Practically, teams should define this in policy, then enforce it through workflow and evidence. The most reliable pattern is a termination or role-change workflow that automatically:

  • removes directory and application entitlements
  • disables badges, VPN, and remote access
  • revokes active sessions and tokens
  • confirms completion with logs or ticket closure
  • escalates exceptions when a system cannot be updated immediately

This aligns with the lifecycle emphasis in the NHI Lifecycle Management Guide, which treats provisioning and revocation as continuous control points rather than one-time administrative events. It also maps cleanly to the intent of the OWASP Non-Human Identity Top 10, because stale access is an identity risk even when the identity is not human. Hospitals should test termination paths the same way they test downtime procedures: by verifying that all high-risk systems actually close access, not just that a request was submitted. These controls tend to break down when legacy clinical platforms cannot consume central identity signals because manual exceptions then become the default instead of the exception.

Common Variations and Edge Cases

Tighter revocation often increases operational overhead, requiring hospitals to balance speed of offboarding against uptime for clinical and administrative systems. That tradeoff becomes visible when a terminated clinician still needs limited chart access for legal or continuity reasons, or when facilities contractors need time-bounded badge access after a role change. Current guidance suggests those cases should be handled through documented exceptions, not informal delay.

There is no universal standard for this yet, but best practice is evolving toward short-lived exception windows, explicit approvers, and automatic expiry. Hospitals should avoid treating “temporary” access as a verbal agreement, because that creates invisible risk and weak evidence. One useful operational marker is whether the exception is time-boxed and reviewed, or whether it simply persists until someone remembers to remove it.

Where organisations struggle most is not the policy language, but the handoff between HR, identity teams, and application owners. The same lesson appears across NHI governance: if ownership is unclear, revocation drifts. NHI Management Group’s Top 10 NHI Issues shows that lifecycle gaps and excessive privilege are recurring failure modes, and the lesson translates directly to hospital access governance.

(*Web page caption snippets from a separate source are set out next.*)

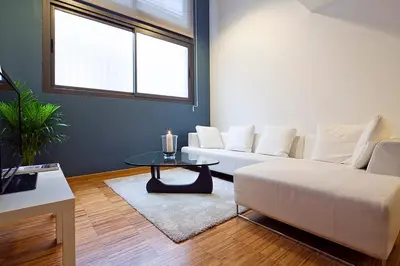 a living room with a white couch and a table at My Space Emirates - Charming Duplex in Barcelona ideal for Families or Friends in Barcelona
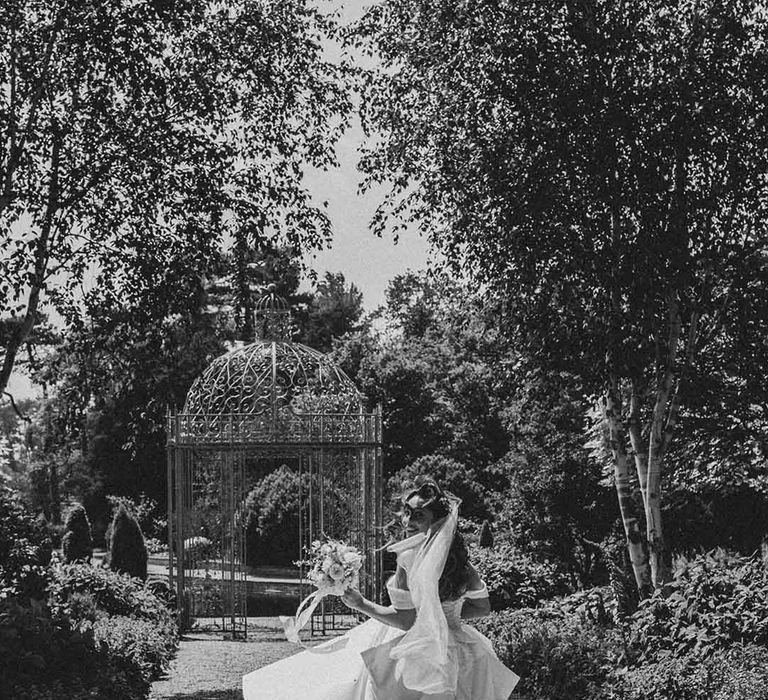 bride in a strapless princess wedding dress running through the gardens at Capesthorne Hall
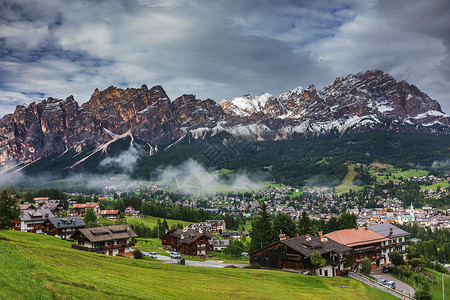 与高山绿色林冠的全景图景Cortina dAmpezzo镇正方形旅游山峰天空教会村庄景观城市阳光首脑背景图片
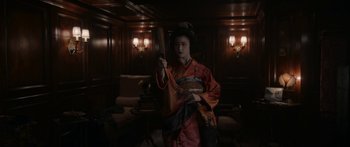 Movie still from “1899” (2022), created by Jantje Friese – A woman in a red and orange kimono holding a wooden sword; Medium shot, Low angle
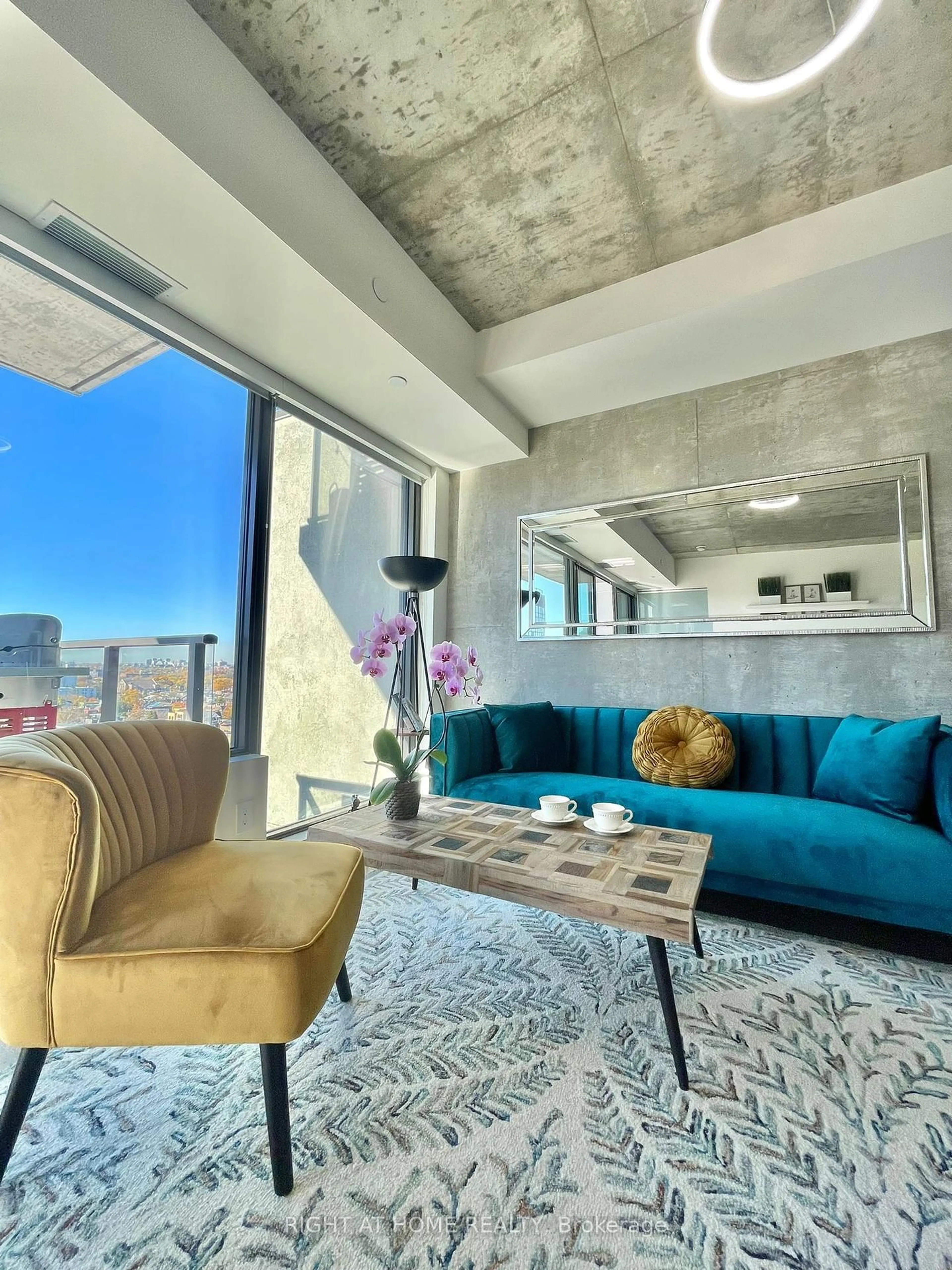 Living room with furniture, cement floor for 111 Bathurst St #1205, Toronto Ontario M5V 2R1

In practice, ambiguity in ownership is what lets “active but should be closed” access survive routine audits.

Standards & Framework Alignment

This section maps relevant standards and security frameworks to the operational risks and controls described in this guidance.

OWASP Non-Human Identity Top 10 address the attack and risk surface, while NIST CSF 2.0, NIST SP 800-63, NIST Zero Trust (SP 800-207) and NIST AI RMF set the governance and control requirements practitioners need to meet.

Framework Control / Reference Relevance
NIST CSF 2.0 PR.AC-4 Addresses access management and revocation accountability during role changes and terminations.
OWASP Non-Human Identity Top 10 NHI-03 Lifecycle revocation failures mirror stale identity and secret issues in NHI programs.
NIST SP 800-63 Digital identity proofing and lifecycle governance inform accountable account disabling.
NIST Zero Trust (SP 800-207) SC.L2-3 Zero trust assumes access must be continuously validated and promptly withdrawn.
NIST AI RMF GOVERN Governance assigns ownership and accountability for access decisions and exceptions.

Assign named owners for access changes and verify every termination removes entitlements promptly.